Revenue Growth in Several Key Promoted Products, Lower SG&A and Interest Expenses, Drive Growth in Cash Net Income

DUBLIN, Ireland, February 24, 2012 – Warner Chilcott plc (NASDAQ: WCRX) today announced its results for the quarter and year ended December 31, 2011. Our results of operations in the quarter ended December 31, 2011 as compared to the prior year quarter were impacted by several important transactions. In 2011, these transactions included the refinancing of our senior secured indebtedness and the restructuring of certain of our Western European operations. In the prior year quarter, we acquired Novartis Pharmaceuticals Corporation’s (“Novartis”) U.S. rights to ENABLEX in October 2010 (the “ENABLEX Acquisition”).

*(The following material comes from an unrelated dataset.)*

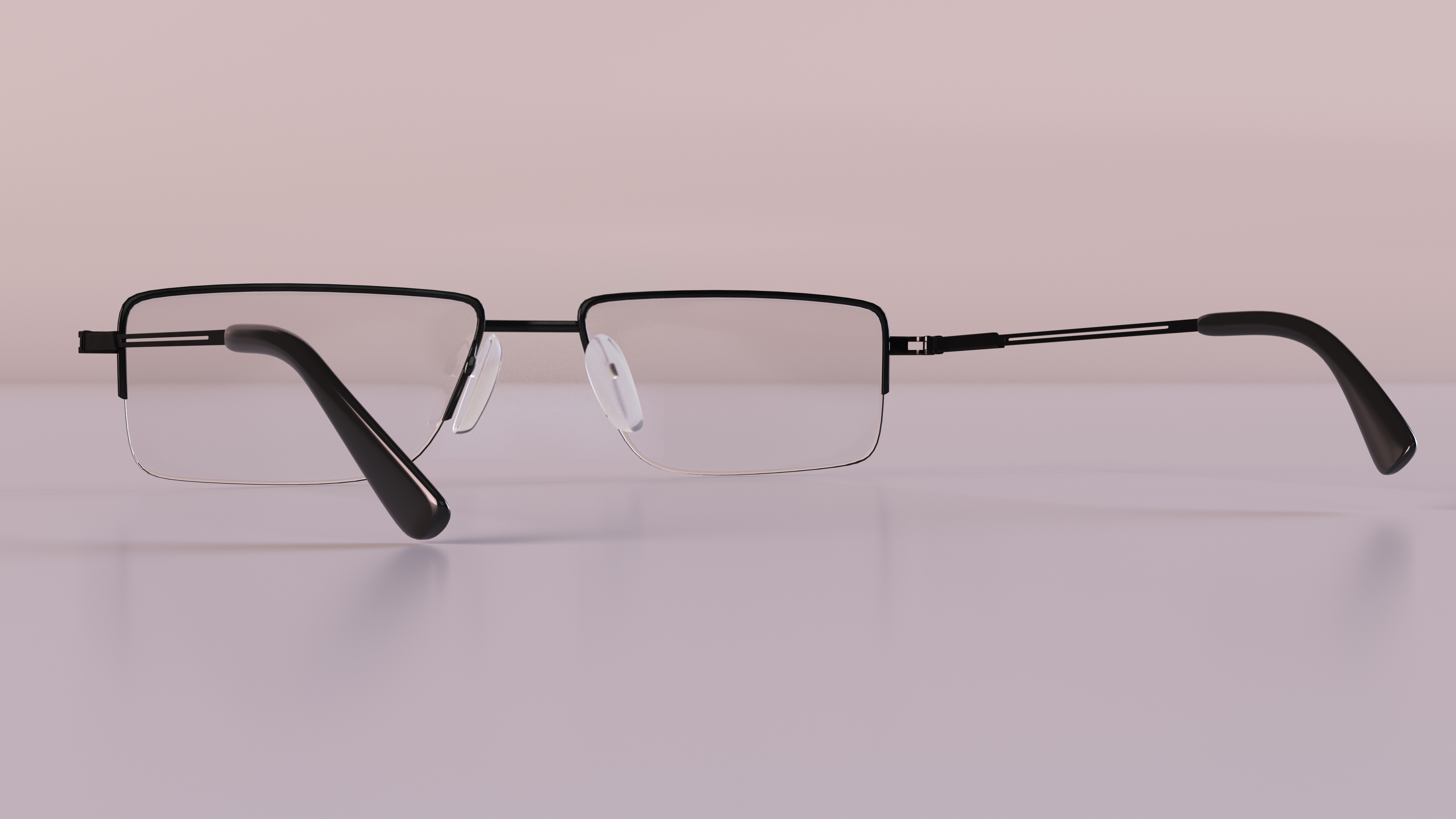 Rectangular Reading Glasses with Black Frame 3D model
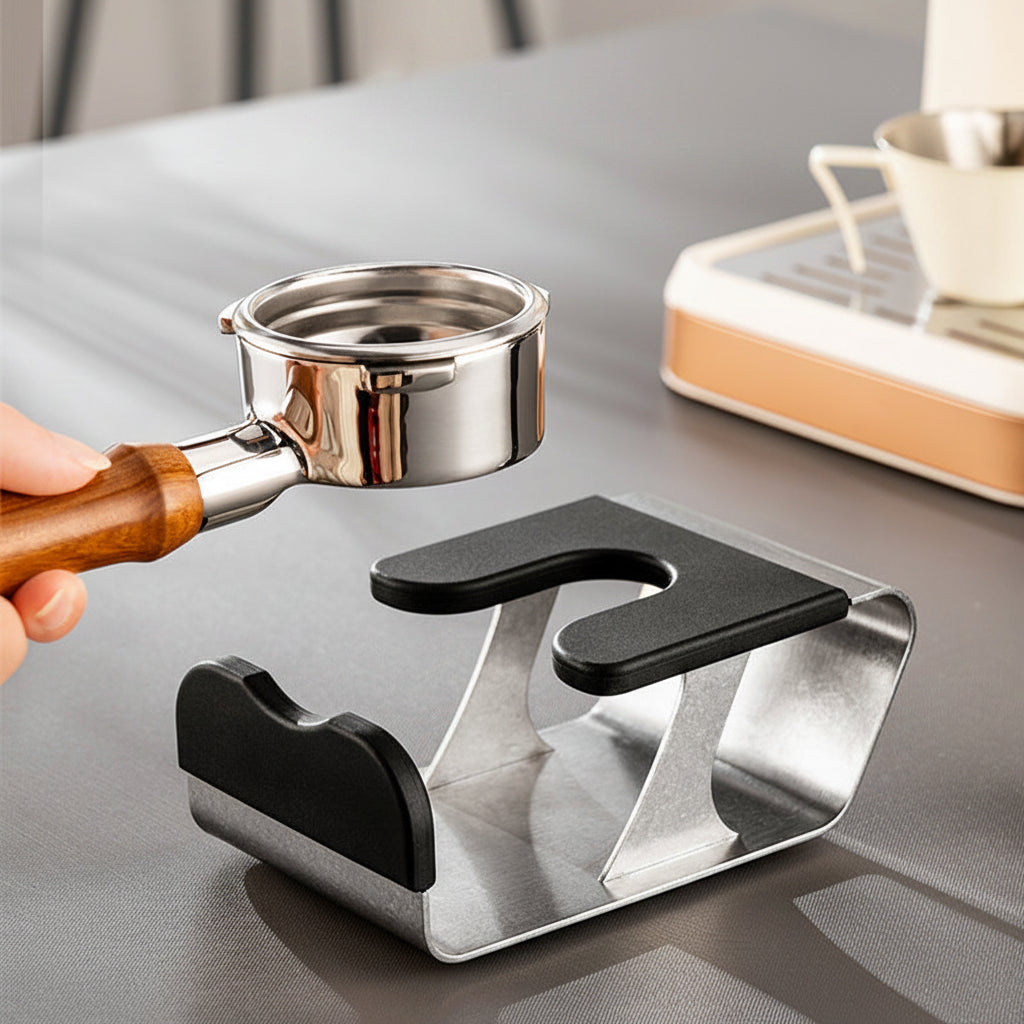 Coffee Tamper Stand - Stainless Steel Anti-Slip Barista Espresso Portafilter Holder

Total revenue in the quarter ended December 31, 2011 was $646 million, a decrease of $48 million, or 7%, compared to the quarter ended December 31, 2010. The decrease in revenues as compared to the prior year quarter was driven in large part by the expected decrease in total ACTONEL revenues, primarily due to the loss of exclusivity in Western Europe beginning in the fourth quarter of 2010. The decrease was offset, in part, by net sales growth in certain other products, primarily LO LOESTRIN FE, DORYX, ATELVIA, ESTRACE Cream and ASACOL. Combined, net sales of these products increased $50 million, or 20%, compared to the prior year quarter.

We reported GAAP net income of $90 million, or $0.36 per diluted share, in the quarter ended December 31, 2011, compared with GAAP net income of $15 million, or $0.06 per diluted share, in the prior year quarter. Cash net income (or CNI, as defined below) in the quarter ended December 31, 2011 was $241 million, an increase of $36 million, or 17%, compared to the prior year quarter.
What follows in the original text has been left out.